6. I’m Nobody (feat. Cornelius Rawness) – 2:54
And now for the final track of this album, which starts out with rough and muffled chiprhythms. At about 0:20, singing comes in. It’s pretty good; I’m enjoying it, and the effects help it fit right into the atmosphere of the track. Great writing; not many songs use “codependency” in their lyrics. The main music is pretty good too; well done. 1:46 brings in Cornelius’ part. Nice usage of the Sonic sound effects. 2:24 brings the chorus back. “I’m nobody, I’m nobody, I’m nobody… at all…” Finale at 2:46. Great work, Ben!

PROTODOME – BLUENOISE

1. Hello World. – 1:07
Atmospheric!! More atmosphere at 0:31. Nice finale at 0:57.
2. 9am Skies. – 2:21
Did I just start listening to an Animal Crossing song? 0:15 shows that I didn’t, with a mix of Proto’s chip mastery and jazz stylings. I don’t think anyone else could do chipjazz quite like ProtoDome. Nice melody.

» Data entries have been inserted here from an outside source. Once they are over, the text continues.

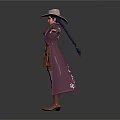 Western Style Female Character In Purple Coat Red Vest With Holster Standing Pose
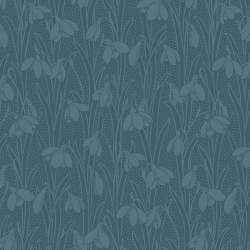 Snowdrop Spot Indigo Delphinium, Tessuto Blu Indigo con Bucaneve tono su tono  - Liberty Fabrics Liberty Fabrics - 1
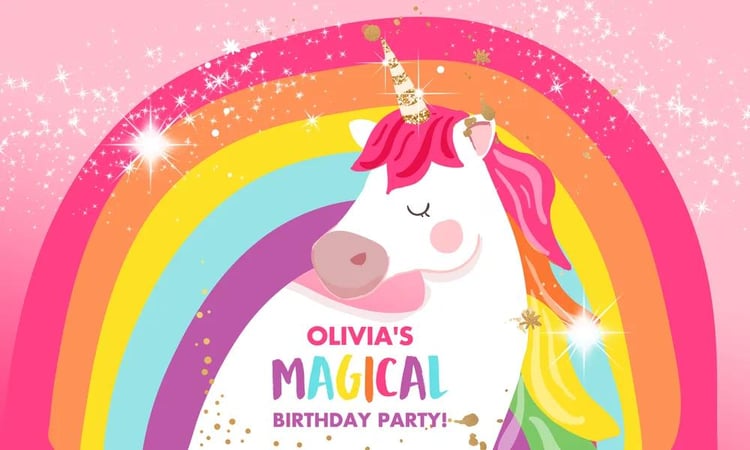 Pink Unicorn Birthday Backdrop Banner - Editable Canva Template Invitation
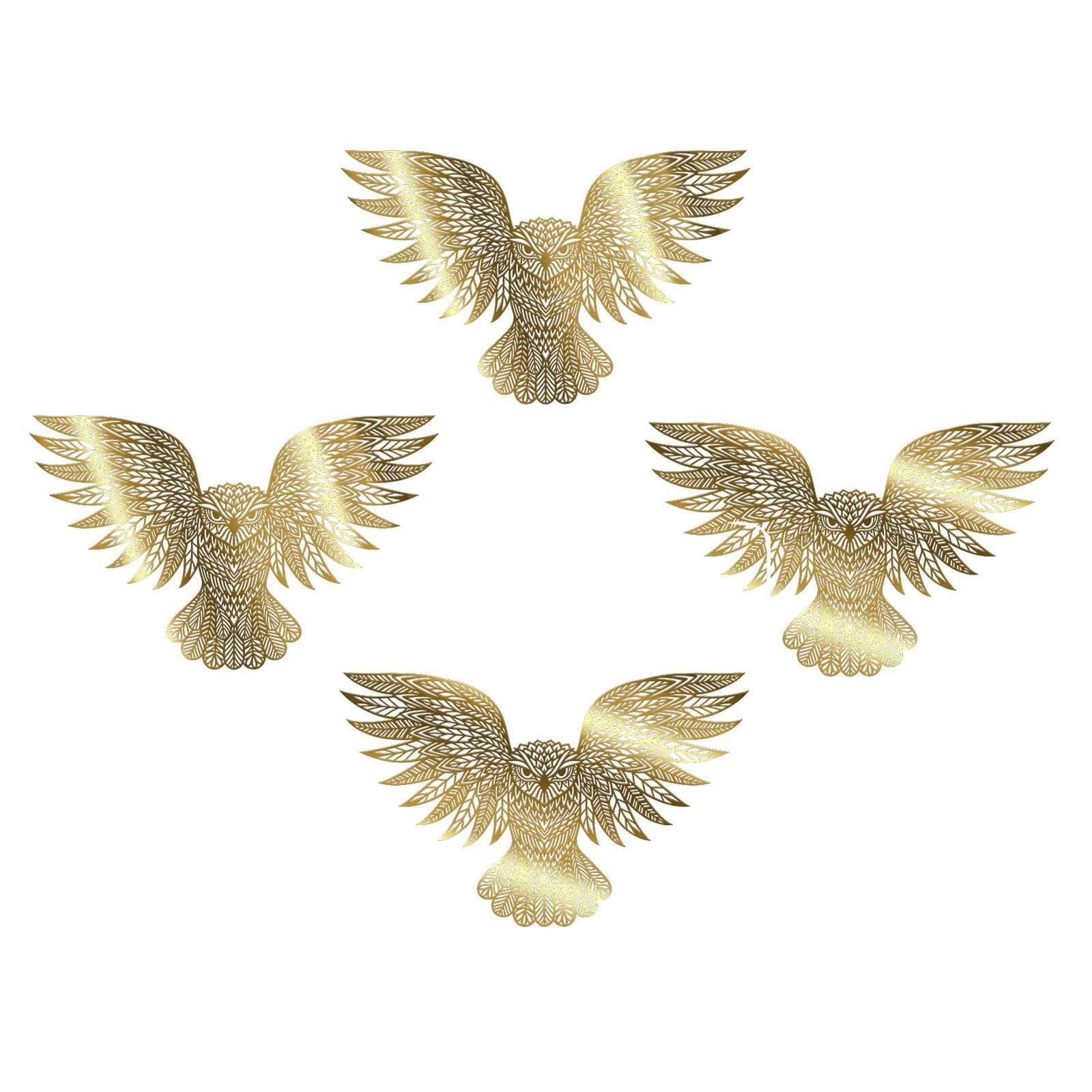 Celestial Owl 4 pcs 2 Inch 22k Gold Fused Glass Decals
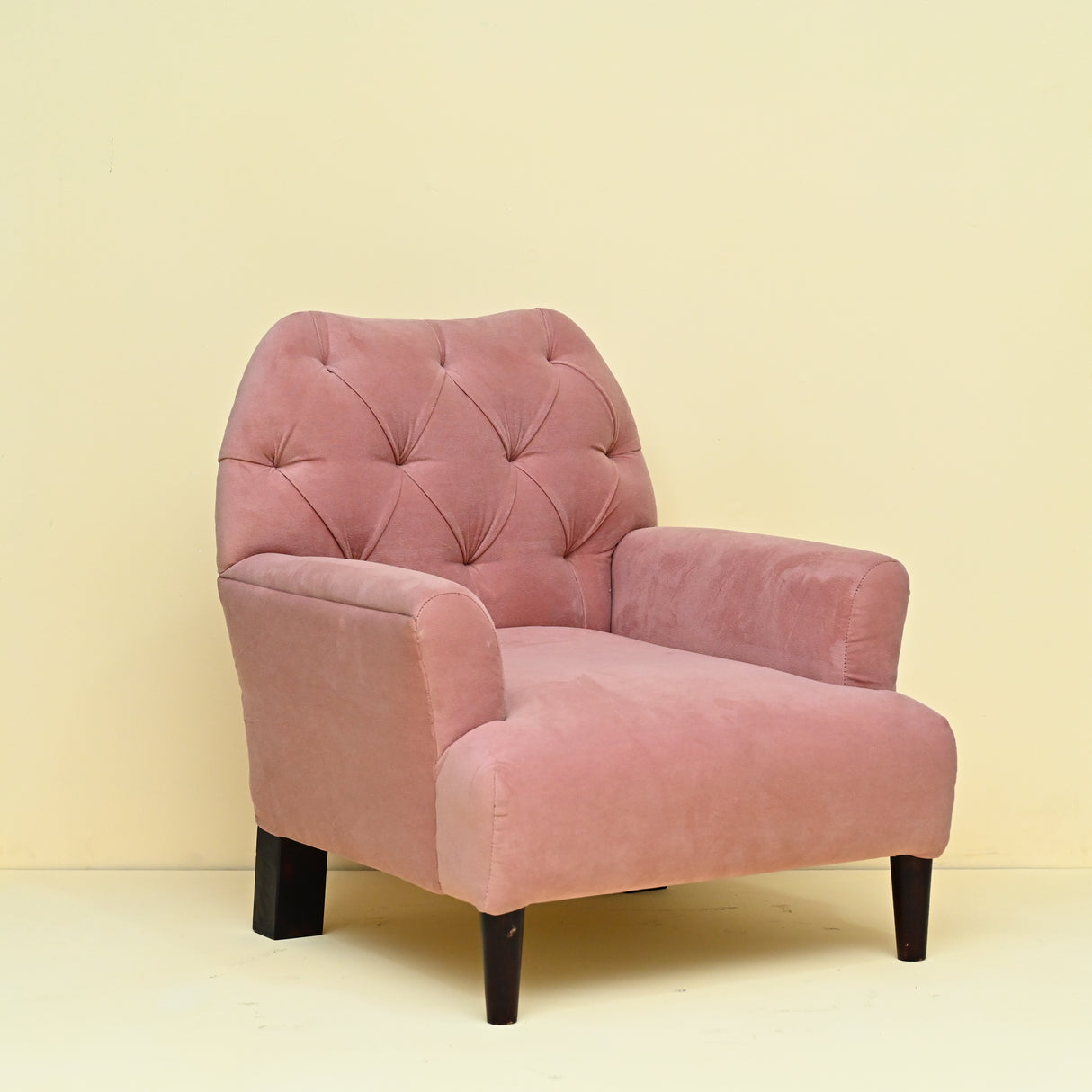 Pink Tufted Accent Chair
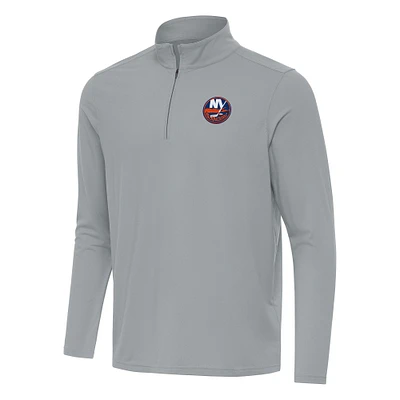 Men's Antigua Gray New York Islanders Intent Quarter-Zip Top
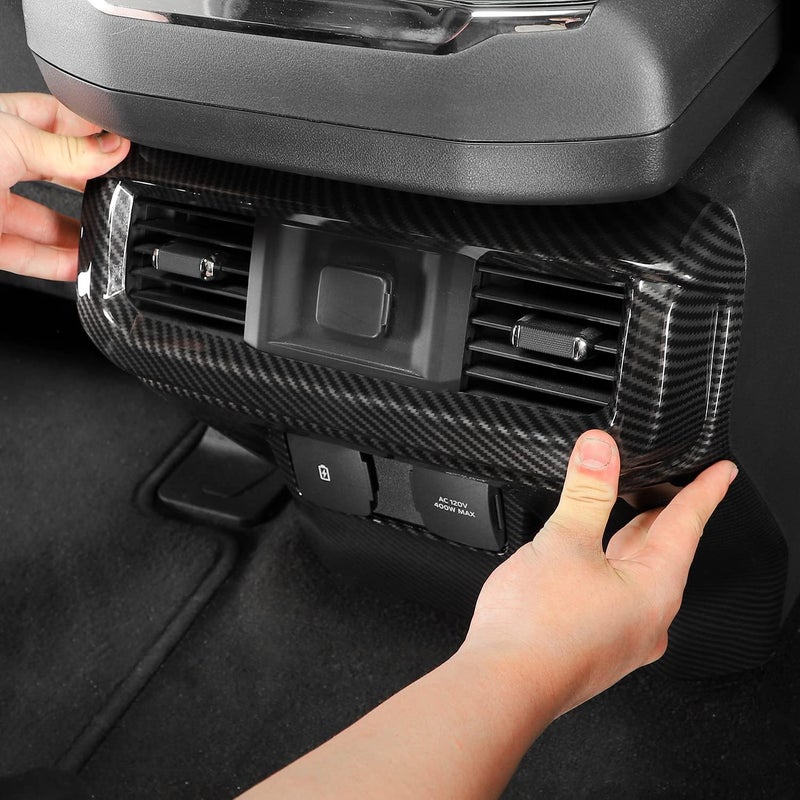 Jimen Rear Armrest Box Air Vent Outlet Cover Trim Panel for 2021-2022 Ford F150 (Carbon Fiber Grain) - Image 4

Slight breakdown at 1:18, and another 1:27. This is reminding of Pilotwings now. Another solo at 1:51. The end is near at 2:07.
3. Blueberry Jam! – 2:17
Nice rhythm to kick it off. 0:17 brings in more music. He really is jamming right here. No sign of blueberries, but this is a nice jam. 0:43 or so brings in a breakdown, which ends at 0:57. The chippiness of this song is epic. A change-up comes at 1:26 or so. Breakdown at 1:48 or so which heralds the end.
4. Bitmap_Blues. – 1:56
How many songs do you know of that use underscores in their titling? I can only think of this one and a few on Reanimation. Ooh, jazzy! This is soooooo 8-bit, I’m loving it. Nice work at 0:36. I want to play an NES game with this music. And just pause it so the music plays indefinitely. Nice solo at 1:20. The end is in sight at about 1:35.
5. Heat Death – 2:54
IT BURNS!! IT BURNS SO GOOD! If I died in a fire, this is what I’d want to hear in my last moments of consciousness. Nice job setting up the atmosphere. 0:30 brings in chippified vocal samples. Breakdown at about 0:58. This is such an ethereal track, it’s beautiful. Chipvox comes in again at 1:24. Beautiful breakdown at about 1:48. Changeup at 2:04, which seems to bring in more real instrumentation. Chips return at 2:34 to bring in the end.
6. Her #0000ff Eyes… – 2:54
I think that’s… blue? Bumpin’ bassline, Blake! Chips at 0:24. Slight breakdown at 0:55 or so. Bassline remains quite prominent, and a nice key solo here. More chippiness at 1:14. Nice solo at about 1:38. This song has me movin’ around while reviewing. The rhythm is infectious. 2:29 brings about the finale of the track.
7. Zero-G Lemonade. – 2:09
And now for the finale of the album. How would Zero-G Lemonade even work? Would you float around with it and drink the suspended lemonade particles? Ahem, back to the review. Nice instrumentation in this track. 0:44 brings in a vocal sample stating the track’s name. Hard to hear but it’s there. Nice piano parts interspersed throughout this song. 1:43 replays the chipvox. 1:55 heralds the end of the song, and thus the album.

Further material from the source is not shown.